C-253/24 Pelavi  

Contentverzamelaar

C-253/24 Pelavi  

Prejudiciële hofzaak

Zie bijlage voor de verwijzingsuitspraak, en klik hier voor het dossier van het Hof van Justitie (voor zover beschikbaar).

Termijnen: Motivering departement:     18 juli 2024
Schriftelijke opmerkingen:                     4 september 2024

Trefwoorden: arbeidsvoorwaarden; recht op eerlijk proces

Onderwerp: 
-    Richtlijn 2003/88/EG van het Europees Parlement en de Raad van 4 november 2003 betreffende een aantal aspecten van de organisatie van de arbeidstijd: artikel 7;
-    Raamovereenkomst inzake arbeidsovereenkomsten voor bepaalde tijd, gesloten op 18 maart 1999, die als bijlage is gevoegd bij richtlijn 1999/70/EG van de Raad van 28 juni 1999, met betrekking tot de raamovereenkomst EVV, UNICE en CEEP inzake arbeidsovereenkomsten voor onbepaalde tijd: clausules 4 en 5, punt 1;
-    Handvest van de grondrechten van de Europese Unie: artikelen 31 en 47.

Feiten:
Verzoekende partij is een honoraire rechter die sinds februari 2001 onafgebroken werkzaam is bij een gerecht in eerste aanleg. Zij krijgt betaald per terechtzitting en niet met een vast loon, ook niet tijdens de vakantieperiode. Zij verzoekt bij de rechtbank om te worden aangemerkt als ‘werkneemster’ in de zin van het Unierecht, en om een vaststelling dat ze recht heeft op hetzelfde loon als een gewone rechter of openbare aanklager. Gedurende de looptijd van de procedure heeft de honoraire rechter een ‘bevestigingsprocedure’ afgerond, waarbij zij in dienst is bevestigd tot de leeftijd van 70 jaar. Bij deze bevestiging worden de rechten ontzegd die tijdens iedere afzonderlijke overeenkomst voor bepaalde tijd zijn verworven, zoals het recht op reeds verworven vakantie met behoud van loon.

Overweging:
De verwijzende rechter heeft meerdere twijfels over de verenigbaarheid van de nationale regelgeving met het Unierecht. Ten eerste zijn volgens de verwijzende rechter het recht op vakantie en het recht op uitbetaling van loon tijdens de vakantie onlosmakelijk met elkaar verbonden, wat betekent dat de honoraire rechter uitbetaald had moeten worden tijdens haar vakantie. Ten tweede twijfelt de verwijzende rechter over de verenigbaarheid van het ontnemen van eerdere rechten met het recht op een eerlijk proces. De verwijzende rechter vraagt daarom om uitleg over de reikwijdte van de Unierechtelijke regels omtrent arbeidsovereenkomsten voor bepaalde tijd, en over artikelen 31, lid 1 en 47 van het Handvest.

Prejudiciële vragen:
1. Staan de artikelen 31, lid 1, en 47 van het Handvest van de grondrechten van de Europese Unie, artikel 7 van richtlijn 2003/88/EG en clausule 4 van de raamovereenkomst inzake arbeidsovereenkomsten voor bepaalde tijd in de weg aan een nationale regeling, waarin is vastgesteld dat een honoraire rechter, die als „werknemer” en „werknemer met een arbeidsovereenkomst voor bepaalde tijd” kan worden aangemerkt, wiens aanstelling wordt bevestigd tot de leeftijd van 70 jaar, het recht op vakantie met behoud van loon verliest over de periode voorafgaand aan de bevestiging? 
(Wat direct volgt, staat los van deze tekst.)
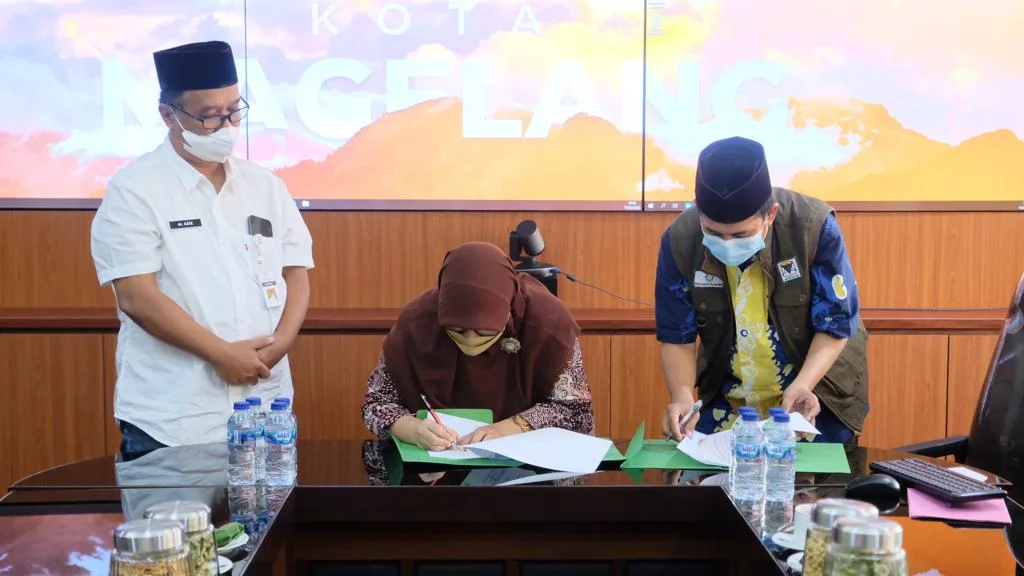 Pemkot Magelang Gandeng Bank Jateng, Untidar dan Yayasan Pinbuk Bentuk Koperasi Pemberdayaan Masyarakat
2. Staat clausule 5, punt 1, van de raamovereenkomst inzake arbeidsovereenkomsten voor bepaalde tijd in de weg aan een nationale regeling, waarin als maatregel ter bestraffing van misbruik van arbeidsovereenkomsten voor bepaalde tijd is vastgesteld dat de aanstelling van een honorair rechter wordt bevestigd tot de leeftijd van 70 jaar, nadat hij met goed gevolg een beoordelingsprocedure heeft doorlopen waarbij geen sprake is van vergelijkend onderzoek, en dat hem een financiële vergoeding wordt toegekend als hij die beoordelingsprocedure niet met goed gevolg doorloopt, waarbij hij in beide gevallen moet afzien van alle eerder verworven rechten?

Aangehaalde (recente) jurisprudentie: C-286/06 Impact; C-271/22 tot en met C-275/22 Keolis Agen; C-658/18 Status van de Italiaanse vrederechters; C-236/20 Ministero della Giustizia e.a.; C-31/13 tot en met C-63/13 en C-418/13; C-494/17; C-341/15.